There are many obvious behaviours that can negatively impact the morale and culture of a workplace. These could include racism, sexism, bullying, or discrimination, among many others. However, even small uncivil behaviours can have a significant impact on how the team dynamic functions – and impact the bottom line. Research published in the Organisational Dynamics journal used data from more than 9000 people to attempt to measure the costs of uncivil behaviours.
What is incivility in the workplace?
Uncivil behaviours tend to be poor habits that are seemingly inconsequential, often coming from thoughtlessness rather than malice. These could include exclusion of some staff from team conversations, abrasive or abrupt emails, texting during meetings, lateness, swearing, avoiding difficult tasks, or not listening to colleagues. Identifying the negative impacts these behaviours have can be difficult. The intent to harm others is not obvious, (compared to say, bullying behaviour) and policies to combat them can often be seen as trivial or arbitrary.
The impact of incivility on the business
The Harvard Business Review outlines the stark impact of incivility in the workplace. A poll of 800 managers and employees across 17 industries shows the extent to which bad behaviours affect those on the receiving end.
- 48% intentionally decreased their own work effort
- 63% lost work time avoiding the offender
- 25% took out their frustrations on customers and other third parties
- 78% said their commitment to the organisation had declined
- 38% intentionally decreased the quality of their work
These changes in work practices have a rapid domino effect into other functions of the business. Research from the University of Southern California found the impact on customer and stakeholder relationships can be staggering. When third parties are exposed to even a single incident of incivility, generalisations are made about other employees, management, and the brand itself. Uber is a notable example of this, where incivility among executives severely impacted the brand and can have a lasting impact on public perception.
Creativity and innovation can also be impeded by a lack of civility in the workplace. Employees who feel their work is not valued, or they aren’t being listened to are less likely to make efforts to find new or more efficient ways to complete tasks. More importantly, employees may not even know this drop in creativity has occurred. Psychologists explain that creativity relies on retrieving knowledge from long-term memory and combining it with short-term working memory for the task-at-hand. Where bad behaviours occur, they create a distraction and steal mental resources and attention that are normally used for innovation and inventiveness.

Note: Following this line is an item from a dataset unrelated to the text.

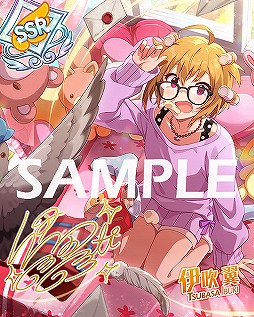 画像ギャラリー No.012のサムネイル画像 / 「ミリシタ」，イベント楽曲が追加。期間限定ガシャにはSSR伊吹翼らが新登場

Civility in the workplace fosters positive collaboration within and between teams. Annoying workplace habits quickly generate information silos where staff avoid colleagues who irritate them. As many as 20 per cent of people refuse to work with people who have been uncivil in the workplace, even if they are direct teammates. Research conducted within Google showed that high-performing teams have one thing in common – psychological safety. Psychological safety is both fragile, and critical to success. It is the belief that a particular team is a safe environment to take risks and experience failure without criticism. Uncivil behaviours reduce this feeling, and collaborative behaviours diminish.
Improving civility in the workplace
Creating policies for civility in the workplace, such as courtesy or basic politeness, should be unnecessary for a business. Managers can implement different strategies however, to foster a culture that makes good behaviour an innate, effortless pattern for all employees.
Primarily, civility starts at the top. All senior staff should lead by example when it comes to exhibiting positive interpersonal behaviours. This includes genuinely listening to employee feedback, following up on requests, and acknowledging staff who do well. It also means providing feedback to employees who may be uncivil in workplace situations and having an open dialogue about ways to address any issues.
There should also be open lines of communication for staff to bring suggestions to management, including feedback on the operations of the business and different workflows. This should also flow through to the recruitment process, where candidates are evaluated not just for job skills, but also screening for interpersonal behaviours. These may come from questions asked of referees, or even including existing staff in recruiting the best fit for the workplace.
Building the right workplace culture is critical for success and is built from new recruits, all the way through to the C-suite. Incivility in the workplace is too dangerous to ignore.